裏側の恋人たち


私の涙が落ち着いたところで瑞紀が私から離れ、ばたんっと仰向けでフローリングに寝転んだ。

まだきつい姿勢で無理をさせてしまったと今更ながら体調を気遣うと、瑞紀は天井を見つめて呟いた。

「限界だーーー」

まだあちこち痛いはずだし、体力も戻ってきていないのに。
正座させたり膝立ちで抱え込むように抱きしめてもらったりして申し訳なかったな。

「ごめん、まだ身体キツかったよね。退院したばかりなのに」

申し訳ないって思ったんだけど。

「どこが痛いの?痛み止め飲む?」
早く着替えを持ってうちに移動したほうがいいだろう。


天井を見つめたまま瑞紀が大きなため息をついた。

「このまま響の全部を貰いたいのに」

はあ?
何を言い出すかと思えば、そっちか。

「ベッドだけは買っておくべきだった・・・・・・」

それをすごく後悔してるという空気感を全面に出して呟く瑞紀に呆れて
「ーーーまだあげないわよ」
と冷たく返す。

全部を貰いたいと言われて、嬉しいというよりーーーなんか違う。

さっきまでの甘々な空気感はどこかに吹き飛んでいった。

「えーっと、鳥越サン」
目を細めて睨んでしまう。

「何もかもすっ飛ばしてのプロポーズだったんだから、初めてのキスは結婚式の神様の前でする誓いのキスの時でいいよね。もちろん初夜もきちんと《《初夜》》で」

さっきまで大泣きしたから私の顔は偉いことになっている。
ハンカチで涙を拭き取りぐしゃぐしゃの顔を少しでも整えながら、呆然とする瑞紀ににっこりと微笑んでやる。
これくらいの仕返しは許されると思うのよ。

「は?お前この期に及んでなに言って」

私の言葉は余程予想外だったのか、
がばっと起き上がった瑞紀はやはり身体が痛むらしく「うっ」と唸り脇腹を押さえながら私を睨む。

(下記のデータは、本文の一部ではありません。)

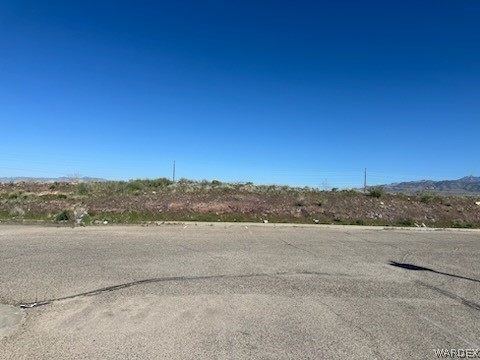 This C-3property is situated on a highly desirable main artery in central Kingman, this property benefits from high visibility and accessibility, being on the busiest street in the area. This is advantageous for attracting customers and clients. Vers...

「瑞紀の中では私がずいぶん自分勝手な女になってるみたいだけど、私から見たら瑞紀だって相当でしょ」

こうして最終的には受け入れてもらったけれど、それまで付き合うでもなく、かといって突き放すでもなく中途半端にだらだらと自分の側にいることを受け入れて。
私が離れた後で連絡先を知らず焦ったらしいけど、本気で探そうと思ったら自分のとこの従業員の誰かに聞けばすぐにわかったと思うし。私がマユミさんたち従業員の彼女らと親しくしているのは知っていたはずなのだから。

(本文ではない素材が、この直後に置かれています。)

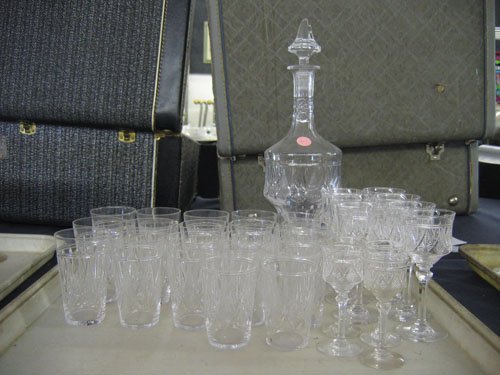 CUT CRYSTAL DECANTER AND 28 PIECES CUT CRYSTAL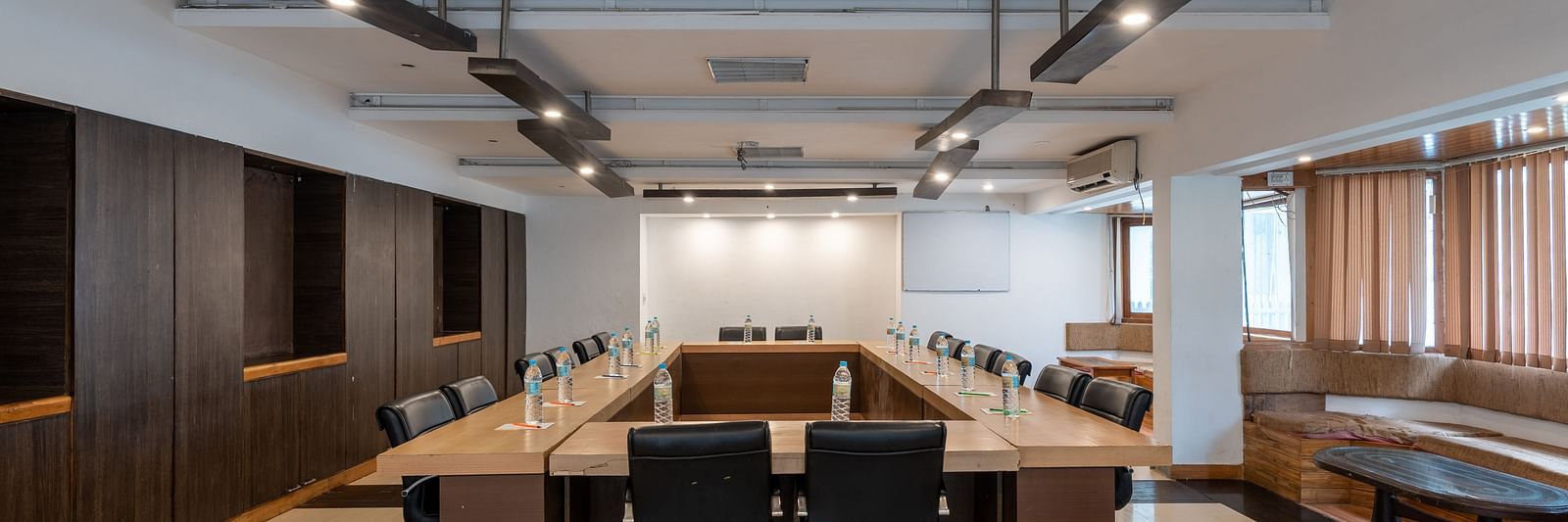 Conference Hall  at DLS Spring Valley Resort Dharamshala  with chairs and tables arranged in boardroom setting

「結婚願望がない俺が友人の大事な妹に手を出すわけにはいかないだろ。俺にとって響は簡単に手を出しちゃいけない特別な女だったんだよ」

「でも結局私と一緒に住むためにこんな素敵なマンションを準備してくれたのなら、誰かに聞いてもっと早く私に連絡してくれたってよかったんじゃないのかな。過労で倒れる前に」

「マユミさんあたりに聞けば響の連絡先なんかすぐわかるとは思ったけど、さすがに『いつも一緒にいたのにどうしてそんなことも知らないんですか』って言われると思って・・・・・・聞きにくいだろ。ただでさえ、どこの店に行ってもどうして響が店に来ないんだって聞かれてさあ。どの店に行ってもまるでオーナーは来なくていいから響に来て欲しいって責められてるようだったんだからな」

それはちょっとお気の毒。
まあ実際マユミさんはその事実を知って呆れてたね。
これ瑞紀には言わないでおこうっと。